In the meantime, check out some of the best new music we’ve been listening to this week.


Brent Cobb – “Patina” 

From the album Southern Star (out today), “Patina” was written by Cobb’s wife Layne. He says: “All it took was the first line, the way she originally wrote it went ‘You got one hand on the wheel and one on my thigh. You got a way that makes my heart feel like it’s flyin…’ and it pulled me right out of my head and back down to earth.”
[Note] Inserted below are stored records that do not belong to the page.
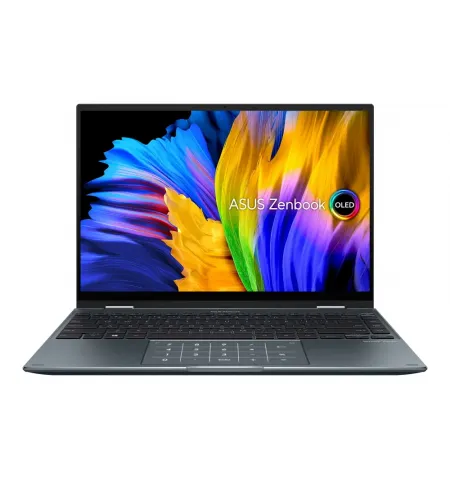 Laptop 14" ASUS Zenbook 14 Flip OLED UP5401EA, Pine Grey, Intel Core i5-1135G7, 8GB/256GB, Fara SO
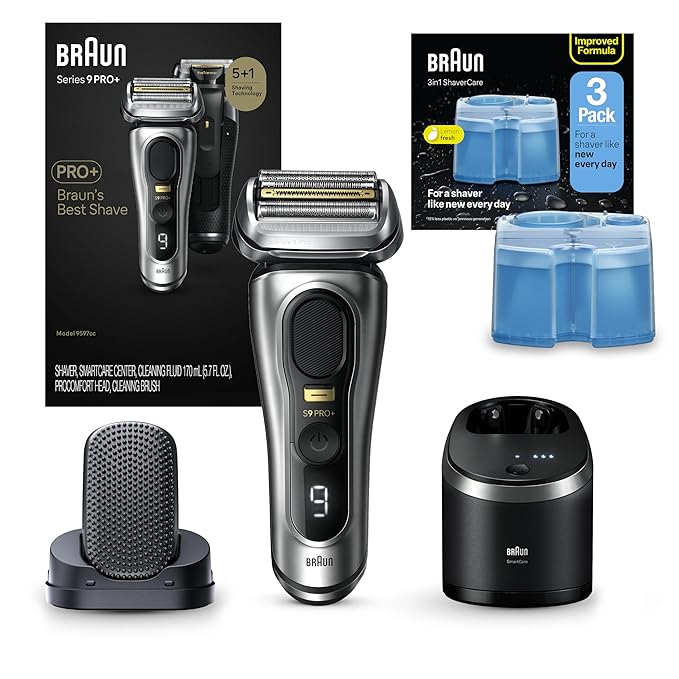 Braun Series 9 PRO+ Electric Razor for Men, 5 Pro Shaving Elements and Shave-Preparing ProComfort Head for Closeness, 6in1 SmartCare Center, Wet or Dry Use, 9597cc, 3ct Clean and Renew Cartridge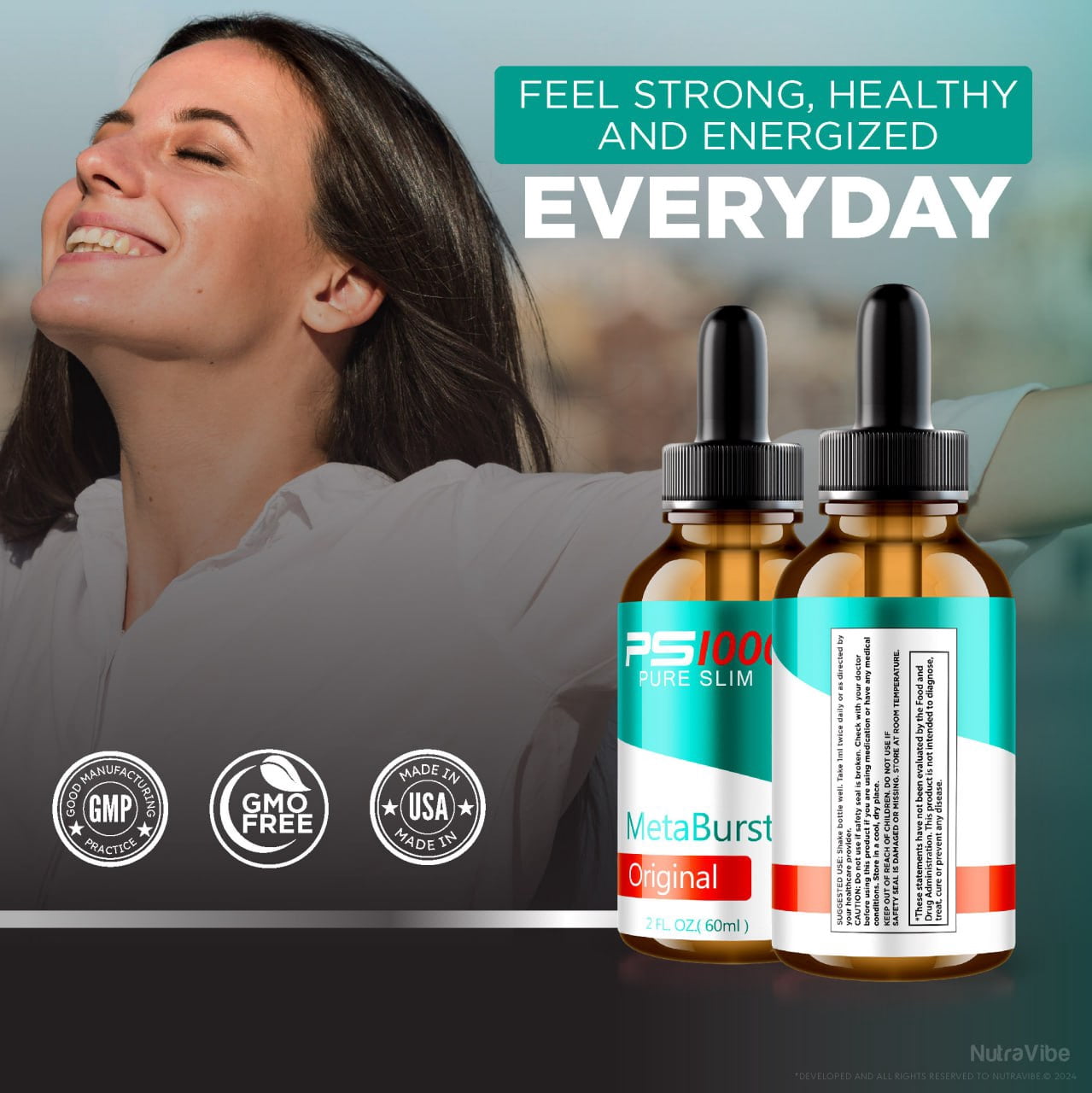 (2 Pack) Pure Slim Metaburst Drops, PureSlim Metaburst Advanced Formula Drops, Maximum Strength Drops for Weight Loss, Pure Slim Metaburst for Overall Health, Official Reviews (120 ml)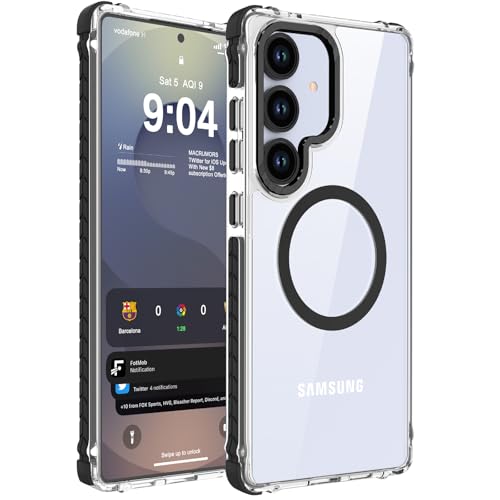 DEERLAMN Strong Magnetic Case for Samsung Galaxy S25 6.2-Inch, Clear+Black - image 1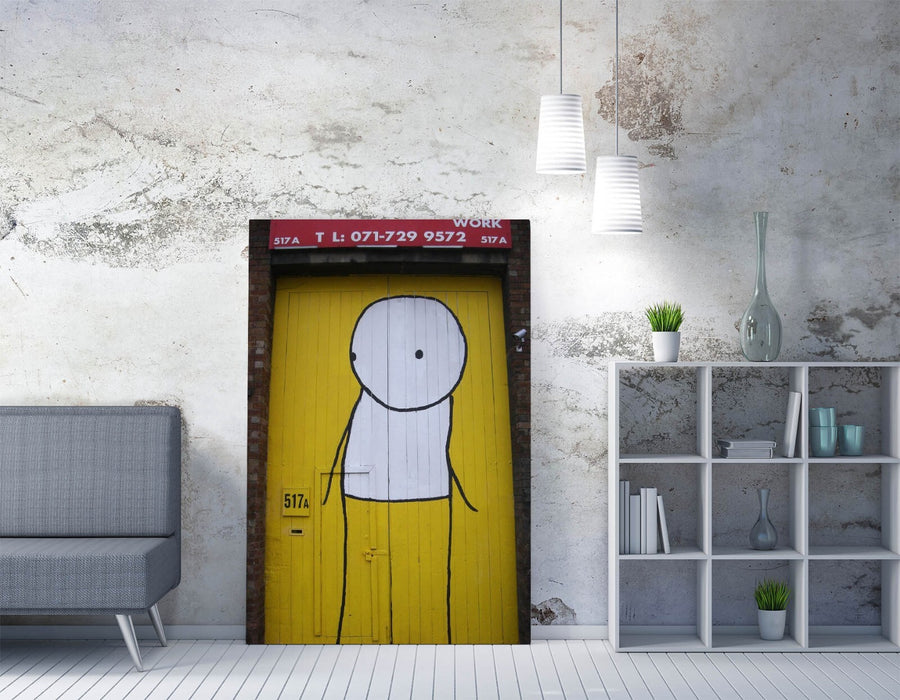 Canvas Wall Art – Stik Stick Man Yellow Door Graffiti Urban Art Print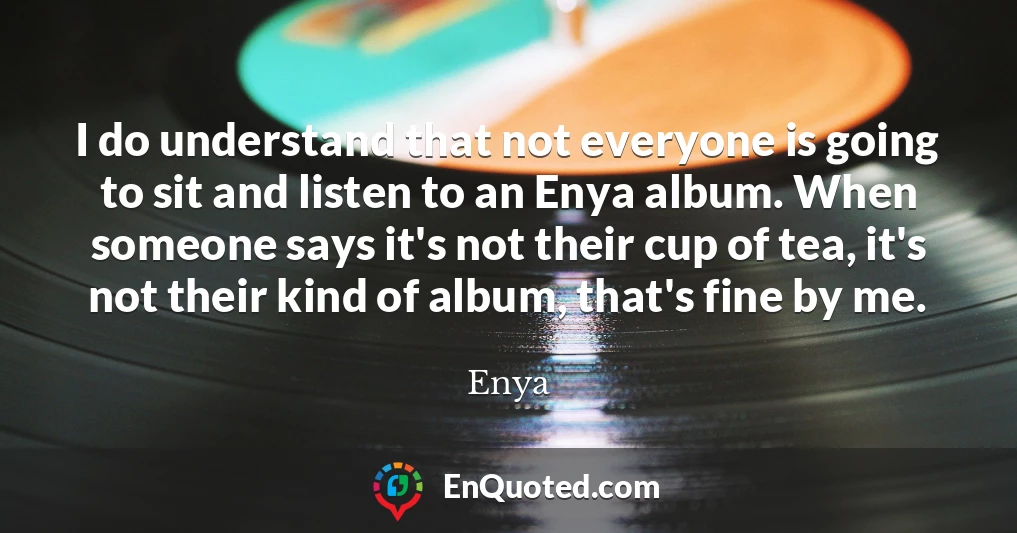I do understand that not everyone is going to sit and listen to an Enya album. When someone says it's not their cup of tea, it's not their kind of album, that's fine by me.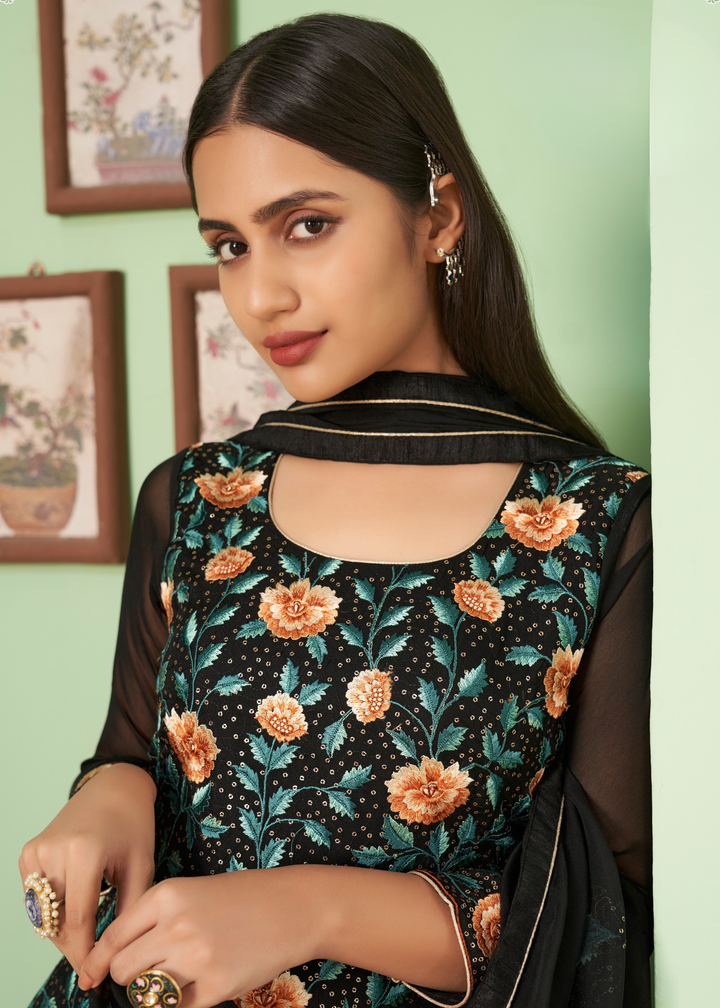 Pebble Black Georgette Salwar Suit with Multi Colour Thread Embroidery & Sequence work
Dori Freeman – “Do You Recall”  

“Do You Recall” acts as the title track to Dori Freeman’s upcoming release (out November 17).  Dori shares, “I grew up in a family that played a lot of traditional music, but my dad played a lot of other types of music for me, too. I’d go to fiddler’s conventions, but I’d also watch my dad play jazz, swing, country, and rock & roll. He was a big fan of singer-songwriters. I think that variety has a lot to do with the way my own songwriting has developed.”


Kishi Bashi – “Red, White, and Blue” 

Kishi Bashi’s new release Music from the Song Film: Omoiyari (out November 17) is the companion soundtrack to the forthcoming A Song Film By Kishi Bashi: “Omoiyari” documentary co-directed by Ishibashi and Justin Taylor Smith. The film focuses on Ishibashi’s own six-year journey of discovery surrounding his research of the incarceration of 120,000 Japanese Americans that followed the Japanese attack on Pearl Harbor in 1941.


Antje Duvekot – “Girl on a Wire” 

German-born, Boston-based Antje Duvekot is back with the best album of her career. Fiercely confronting trauma, “Girl on a Wire” acts as the album’s centerpiece, held warmly in producer Mark Erelli’s tasteful style.